Supplied records below:

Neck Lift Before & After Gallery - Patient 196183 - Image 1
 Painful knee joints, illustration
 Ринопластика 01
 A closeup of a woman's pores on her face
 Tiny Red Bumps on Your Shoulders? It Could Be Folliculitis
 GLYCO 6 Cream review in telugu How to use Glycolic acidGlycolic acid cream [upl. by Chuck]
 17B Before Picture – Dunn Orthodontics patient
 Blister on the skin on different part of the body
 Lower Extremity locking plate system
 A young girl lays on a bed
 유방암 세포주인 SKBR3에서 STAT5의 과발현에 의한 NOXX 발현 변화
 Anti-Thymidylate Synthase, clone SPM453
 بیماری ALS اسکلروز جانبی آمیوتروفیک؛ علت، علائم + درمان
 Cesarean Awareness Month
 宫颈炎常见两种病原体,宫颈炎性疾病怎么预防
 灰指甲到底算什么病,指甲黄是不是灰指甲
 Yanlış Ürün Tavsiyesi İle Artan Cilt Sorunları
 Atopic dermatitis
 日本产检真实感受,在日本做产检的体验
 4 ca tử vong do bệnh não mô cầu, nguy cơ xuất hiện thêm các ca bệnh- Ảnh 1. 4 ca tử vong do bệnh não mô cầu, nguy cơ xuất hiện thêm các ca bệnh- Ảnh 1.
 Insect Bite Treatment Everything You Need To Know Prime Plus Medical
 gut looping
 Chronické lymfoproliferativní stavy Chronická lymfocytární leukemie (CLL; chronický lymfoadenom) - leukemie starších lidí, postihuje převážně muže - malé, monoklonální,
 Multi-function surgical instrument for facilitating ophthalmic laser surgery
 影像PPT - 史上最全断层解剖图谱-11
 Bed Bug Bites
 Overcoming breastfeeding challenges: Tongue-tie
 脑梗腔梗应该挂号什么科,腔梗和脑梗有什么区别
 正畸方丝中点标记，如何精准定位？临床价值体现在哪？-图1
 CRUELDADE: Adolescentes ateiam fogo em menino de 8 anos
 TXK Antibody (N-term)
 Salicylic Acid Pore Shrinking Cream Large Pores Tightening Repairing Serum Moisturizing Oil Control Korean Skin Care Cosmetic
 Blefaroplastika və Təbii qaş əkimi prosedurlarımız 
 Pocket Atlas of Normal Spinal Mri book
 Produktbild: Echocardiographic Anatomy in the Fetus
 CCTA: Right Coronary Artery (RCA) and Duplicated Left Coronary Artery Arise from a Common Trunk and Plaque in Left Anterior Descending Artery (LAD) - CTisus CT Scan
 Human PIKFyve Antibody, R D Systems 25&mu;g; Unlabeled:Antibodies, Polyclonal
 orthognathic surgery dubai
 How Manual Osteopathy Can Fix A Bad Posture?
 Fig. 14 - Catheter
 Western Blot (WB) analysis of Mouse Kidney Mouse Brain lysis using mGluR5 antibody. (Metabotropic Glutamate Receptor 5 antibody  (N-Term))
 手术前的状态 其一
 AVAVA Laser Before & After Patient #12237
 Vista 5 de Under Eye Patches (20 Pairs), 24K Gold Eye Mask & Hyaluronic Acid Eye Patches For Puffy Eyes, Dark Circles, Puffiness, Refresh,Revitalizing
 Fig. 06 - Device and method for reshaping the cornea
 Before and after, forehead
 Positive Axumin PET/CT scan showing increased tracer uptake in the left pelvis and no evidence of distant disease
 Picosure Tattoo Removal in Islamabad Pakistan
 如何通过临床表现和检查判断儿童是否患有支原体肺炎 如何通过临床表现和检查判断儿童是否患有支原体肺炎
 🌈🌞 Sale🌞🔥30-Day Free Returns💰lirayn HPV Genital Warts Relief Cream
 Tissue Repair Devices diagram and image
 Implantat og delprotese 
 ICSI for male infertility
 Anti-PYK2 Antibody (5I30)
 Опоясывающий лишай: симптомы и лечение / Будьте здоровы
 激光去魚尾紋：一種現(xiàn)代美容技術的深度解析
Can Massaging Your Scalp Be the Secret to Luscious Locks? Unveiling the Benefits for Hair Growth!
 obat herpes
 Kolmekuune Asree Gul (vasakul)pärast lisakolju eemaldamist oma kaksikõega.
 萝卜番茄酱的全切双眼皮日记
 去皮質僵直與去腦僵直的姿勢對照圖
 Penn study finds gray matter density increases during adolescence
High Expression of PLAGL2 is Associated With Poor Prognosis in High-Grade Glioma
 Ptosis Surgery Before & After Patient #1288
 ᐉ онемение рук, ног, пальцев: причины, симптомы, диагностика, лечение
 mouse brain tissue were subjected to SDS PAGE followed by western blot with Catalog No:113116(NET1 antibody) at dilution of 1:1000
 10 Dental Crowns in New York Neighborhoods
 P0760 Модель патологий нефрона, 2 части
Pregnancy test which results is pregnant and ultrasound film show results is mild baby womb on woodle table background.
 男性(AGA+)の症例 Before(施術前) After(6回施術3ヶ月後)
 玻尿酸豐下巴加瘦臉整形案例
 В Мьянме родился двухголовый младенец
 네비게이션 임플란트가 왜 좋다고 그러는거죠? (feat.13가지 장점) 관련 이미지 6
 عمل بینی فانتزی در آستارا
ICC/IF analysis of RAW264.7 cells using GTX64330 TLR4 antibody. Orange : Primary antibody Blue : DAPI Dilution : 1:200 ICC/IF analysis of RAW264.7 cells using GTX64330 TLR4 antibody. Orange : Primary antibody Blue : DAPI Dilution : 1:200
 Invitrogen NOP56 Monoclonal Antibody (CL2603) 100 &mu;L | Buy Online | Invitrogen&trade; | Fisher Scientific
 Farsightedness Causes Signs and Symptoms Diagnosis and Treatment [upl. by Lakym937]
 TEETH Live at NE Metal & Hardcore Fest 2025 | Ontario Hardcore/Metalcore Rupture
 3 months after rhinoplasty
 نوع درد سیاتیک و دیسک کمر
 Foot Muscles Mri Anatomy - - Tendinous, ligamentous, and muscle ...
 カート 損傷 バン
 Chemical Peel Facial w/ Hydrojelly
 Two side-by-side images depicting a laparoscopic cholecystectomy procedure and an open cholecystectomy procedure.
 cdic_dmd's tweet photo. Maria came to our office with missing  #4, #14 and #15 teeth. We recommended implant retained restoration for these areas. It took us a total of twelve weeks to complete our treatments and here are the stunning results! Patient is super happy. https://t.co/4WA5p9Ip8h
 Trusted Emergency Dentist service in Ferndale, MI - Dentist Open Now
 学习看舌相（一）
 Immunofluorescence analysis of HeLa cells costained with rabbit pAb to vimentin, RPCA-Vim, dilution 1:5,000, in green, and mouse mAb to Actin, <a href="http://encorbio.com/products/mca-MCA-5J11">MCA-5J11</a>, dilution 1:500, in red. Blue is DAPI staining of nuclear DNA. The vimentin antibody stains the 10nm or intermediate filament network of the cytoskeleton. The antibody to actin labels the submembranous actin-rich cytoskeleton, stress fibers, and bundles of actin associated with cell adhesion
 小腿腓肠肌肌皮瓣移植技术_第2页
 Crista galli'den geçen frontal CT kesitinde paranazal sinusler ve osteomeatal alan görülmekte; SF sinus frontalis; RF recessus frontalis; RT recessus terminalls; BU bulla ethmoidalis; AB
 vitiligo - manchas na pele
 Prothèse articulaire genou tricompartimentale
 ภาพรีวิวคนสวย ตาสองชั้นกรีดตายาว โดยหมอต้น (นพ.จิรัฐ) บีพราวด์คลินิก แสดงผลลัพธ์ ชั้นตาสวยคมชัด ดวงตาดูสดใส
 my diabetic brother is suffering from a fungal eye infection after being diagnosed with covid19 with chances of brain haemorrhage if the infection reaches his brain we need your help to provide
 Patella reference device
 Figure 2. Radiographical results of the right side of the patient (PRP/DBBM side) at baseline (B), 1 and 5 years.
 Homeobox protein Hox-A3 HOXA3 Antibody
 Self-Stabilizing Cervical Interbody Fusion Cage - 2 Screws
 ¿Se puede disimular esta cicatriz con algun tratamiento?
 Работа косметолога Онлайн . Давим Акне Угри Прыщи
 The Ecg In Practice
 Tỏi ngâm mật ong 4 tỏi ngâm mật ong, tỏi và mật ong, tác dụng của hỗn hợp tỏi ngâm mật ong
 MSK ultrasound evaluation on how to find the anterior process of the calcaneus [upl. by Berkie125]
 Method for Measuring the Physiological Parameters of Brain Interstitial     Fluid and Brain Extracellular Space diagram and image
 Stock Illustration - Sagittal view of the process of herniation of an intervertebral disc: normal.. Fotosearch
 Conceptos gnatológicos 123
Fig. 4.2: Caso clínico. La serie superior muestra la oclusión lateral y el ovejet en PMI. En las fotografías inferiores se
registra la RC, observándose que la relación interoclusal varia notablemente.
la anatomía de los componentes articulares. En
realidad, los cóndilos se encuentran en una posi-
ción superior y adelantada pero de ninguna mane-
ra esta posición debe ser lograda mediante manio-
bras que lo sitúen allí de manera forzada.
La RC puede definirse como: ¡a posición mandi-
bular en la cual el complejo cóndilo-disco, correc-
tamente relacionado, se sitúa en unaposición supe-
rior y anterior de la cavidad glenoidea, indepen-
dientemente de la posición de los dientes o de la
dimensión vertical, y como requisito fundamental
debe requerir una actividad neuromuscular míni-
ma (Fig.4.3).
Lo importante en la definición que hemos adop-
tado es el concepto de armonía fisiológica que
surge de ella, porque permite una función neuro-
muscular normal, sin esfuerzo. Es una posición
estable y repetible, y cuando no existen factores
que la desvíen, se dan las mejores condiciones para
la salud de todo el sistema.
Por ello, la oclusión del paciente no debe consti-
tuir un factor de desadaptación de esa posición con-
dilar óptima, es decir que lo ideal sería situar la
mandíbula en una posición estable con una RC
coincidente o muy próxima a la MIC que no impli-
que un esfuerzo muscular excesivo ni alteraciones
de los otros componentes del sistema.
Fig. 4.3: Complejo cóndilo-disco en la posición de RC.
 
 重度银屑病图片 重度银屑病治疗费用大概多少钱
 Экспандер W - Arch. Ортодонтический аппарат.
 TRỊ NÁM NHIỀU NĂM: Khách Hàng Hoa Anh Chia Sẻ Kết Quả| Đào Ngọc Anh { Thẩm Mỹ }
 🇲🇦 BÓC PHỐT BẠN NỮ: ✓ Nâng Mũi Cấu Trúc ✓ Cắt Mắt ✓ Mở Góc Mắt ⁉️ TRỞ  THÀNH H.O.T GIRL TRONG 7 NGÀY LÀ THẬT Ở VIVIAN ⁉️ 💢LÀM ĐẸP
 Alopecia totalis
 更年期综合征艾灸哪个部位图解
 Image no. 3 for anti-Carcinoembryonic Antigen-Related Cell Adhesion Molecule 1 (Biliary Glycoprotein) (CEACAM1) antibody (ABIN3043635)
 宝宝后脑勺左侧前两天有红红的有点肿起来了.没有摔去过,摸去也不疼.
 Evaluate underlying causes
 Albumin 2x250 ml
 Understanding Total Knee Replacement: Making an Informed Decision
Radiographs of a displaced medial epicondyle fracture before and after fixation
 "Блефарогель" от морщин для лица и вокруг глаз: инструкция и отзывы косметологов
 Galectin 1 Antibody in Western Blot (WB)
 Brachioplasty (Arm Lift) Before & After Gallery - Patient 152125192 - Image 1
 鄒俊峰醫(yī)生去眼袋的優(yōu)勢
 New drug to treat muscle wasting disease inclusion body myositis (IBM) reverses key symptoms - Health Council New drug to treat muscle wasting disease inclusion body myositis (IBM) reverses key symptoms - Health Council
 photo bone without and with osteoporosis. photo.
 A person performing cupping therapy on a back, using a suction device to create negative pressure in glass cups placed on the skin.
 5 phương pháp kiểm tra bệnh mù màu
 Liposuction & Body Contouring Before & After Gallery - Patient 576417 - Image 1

End of Supplied records.

◆ **Goal of the exercise**:
There is a run of lines above from the one with "影像PPT - 史上最全断层解剖图谱-11" to the one with "TXK Antibody (N-term)"; print exactly that run, both ends included, and nothing else.

◆ **Your response**:
 影像PPT - 史上最全断层解剖图谱-11
 Bed Bug Bites
 Overcoming breastfeeding challenges: Tongue-tie
 脑梗腔梗应该挂号什么科,腔梗和脑梗有什么区别
 正畸方丝中点标记，如何精准定位？临床价值体现在哪？-图1
 CRUELDADE: Adolescentes ateiam fogo em menino de 8 anos
 TXK Antibody (N-term)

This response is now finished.